By editorial board • 

Time to move wayfinding from back burner to front

Three years ago, coordinated through the Visit McMinnville tourism organization, McMinnville launched a wayfinding signage project. Within a matter of months, the citizen group had awarded a design contract and raised $36,000 to see the work through.

But it seems the process got mired in debate over design proposals to the point where the original enthusiasm drained away. At least, that’s the explanation we’re now hearing for the ensuing two-year hiatus.

A professional design group presented quality proposals, and sudden termination of the project was a mystery never fully explained. Perhaps it was a surplus of well-intentioned work by a citizen oversight panel that should have been reduced to a yea or nay on professional design proposals.

The ungainly, ill-tempered camel has been described as a horse designed by a committee, and there’s a lot of truth in that adage.

City Planning Director Heather Richards is now holding out hope that the once-promising project can be revived, to which we say, let’s roll up our sleeves and get going.

So much of the planning department output consists of long-range studies designed to guide growth and development in McMinnville for the next 20 or 30 years. That’s all well and good, as sound planning is essential to good results over the long haul. But it lacks the tangible and highly visible short-term payoff promised by the wayfinding project.

We don’t want to see one abandoned for the other. But of late, McMinnville is long on overly abundant and complex long-range planning initiatives, and short on short term accomplishments.

The wayfinding concept is simple: Creation of a network of well planned, designed and sited signage, capable of guiding locals and visitors alike among the community’s leading attractions and facilities.

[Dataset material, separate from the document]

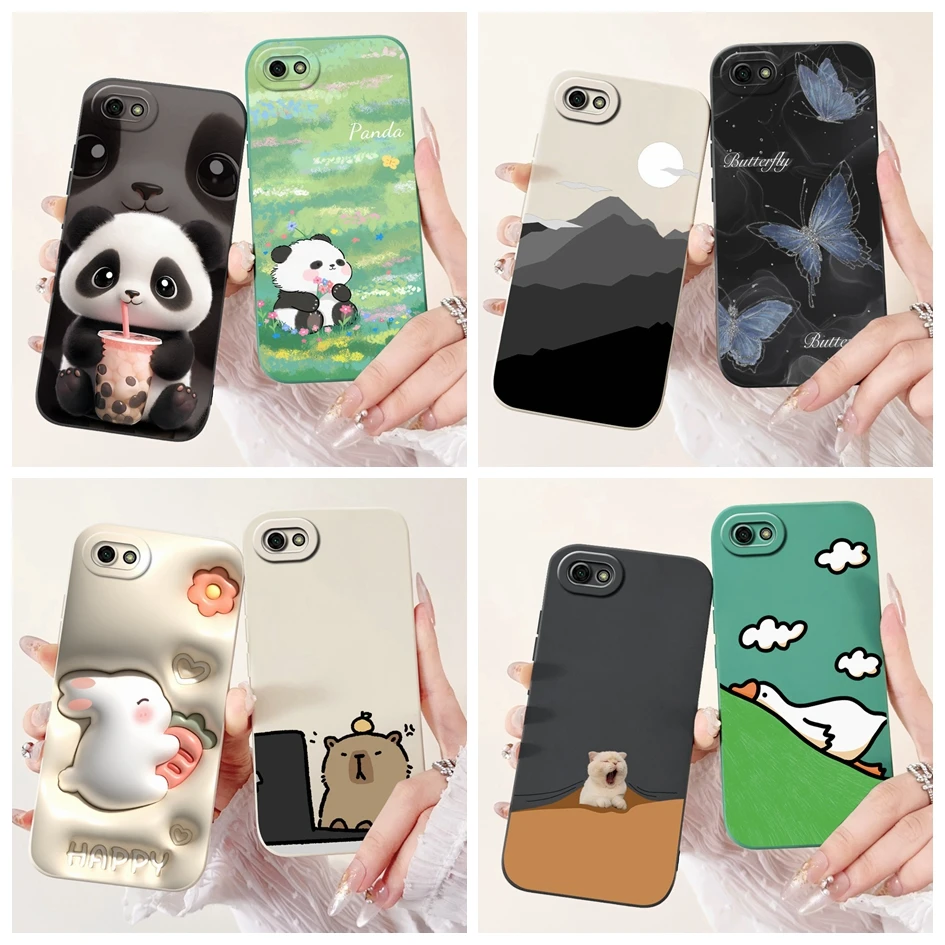 For Xiaomi Redmi Note 5A Prime Case Note5A Silicone Cover Cartoon TPU Phone 5 A Bumper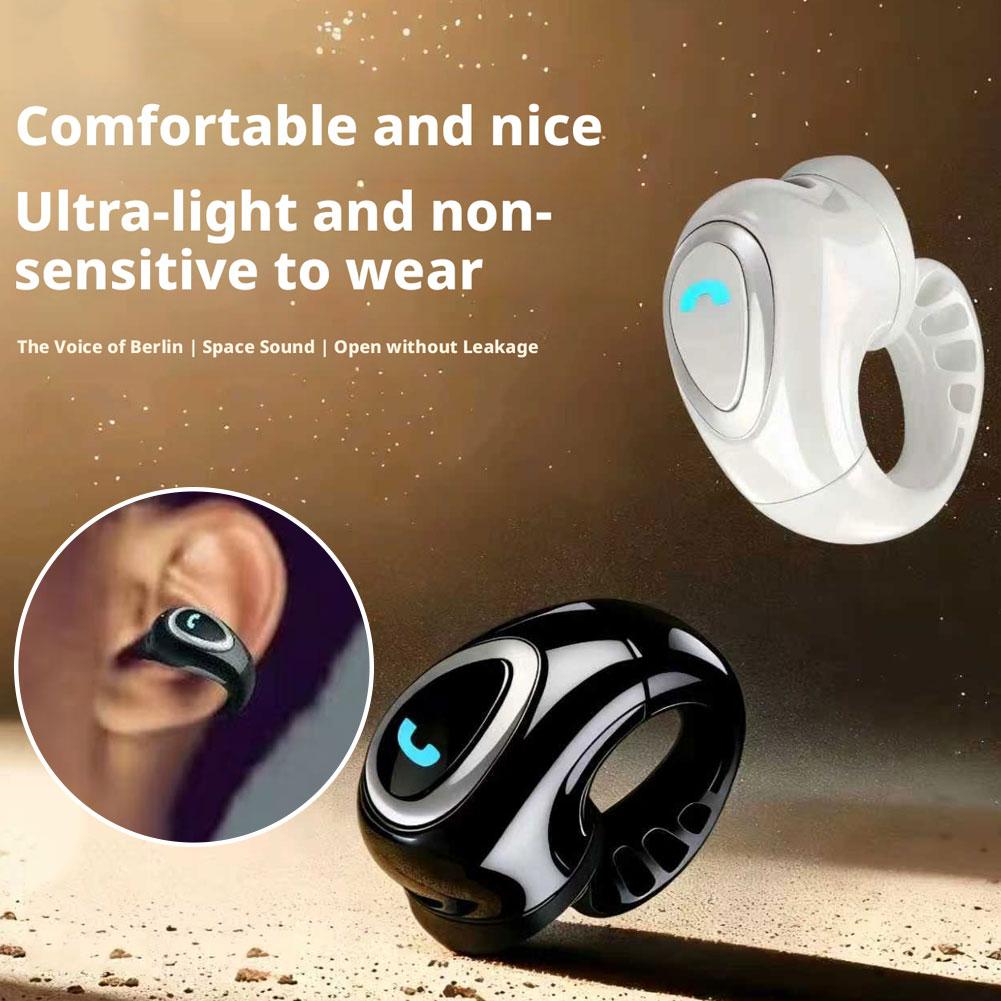 Open Ear Air Conduction Headphones - Bluetooth sem fio clipe de orelha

At present, we are making do with a random hodge-podge marked by large gaps. One of the most glaring examples is the community’s lone downtown parking garage.

A recent study identified the garage — a bare, gray concrete structure — as a seriously underused source of badly needed downtown parking. But there’s no visible indication anywhere that it’s a parking garage, let alone one offering free parking to the public at large.

For a high-end wine country hub as tourist-oriented as this one, that’s a serious oversight. And unfortunately, it’s more the rule than the exception. At present, McMinnville is making virtually no effort to help visitors find their way around.

Which way to the airport? How about Linfield College or the Evergreen Aviation & Space Museum?

In fact, it would be easy to zip through McMinnville on Highway 99W without ever discovering its unique downtown charm. We would hate to leave passersby with the sense there’s nothing more to Mac than an expanse of strip commercial development.

Visit McMinnville Marketing Director Kitri McGuire provided this description of the original wayfinding mission in the fall of 2016:

“Wayfinding is divided into two parts — aesthetic and functional. Both are important to address correctly to find the ‘sweet spot,’ where the signage blends into the environment, yet provides information at critical decision points.”

Time’s a-wasting. This is a project well worth getting back on track.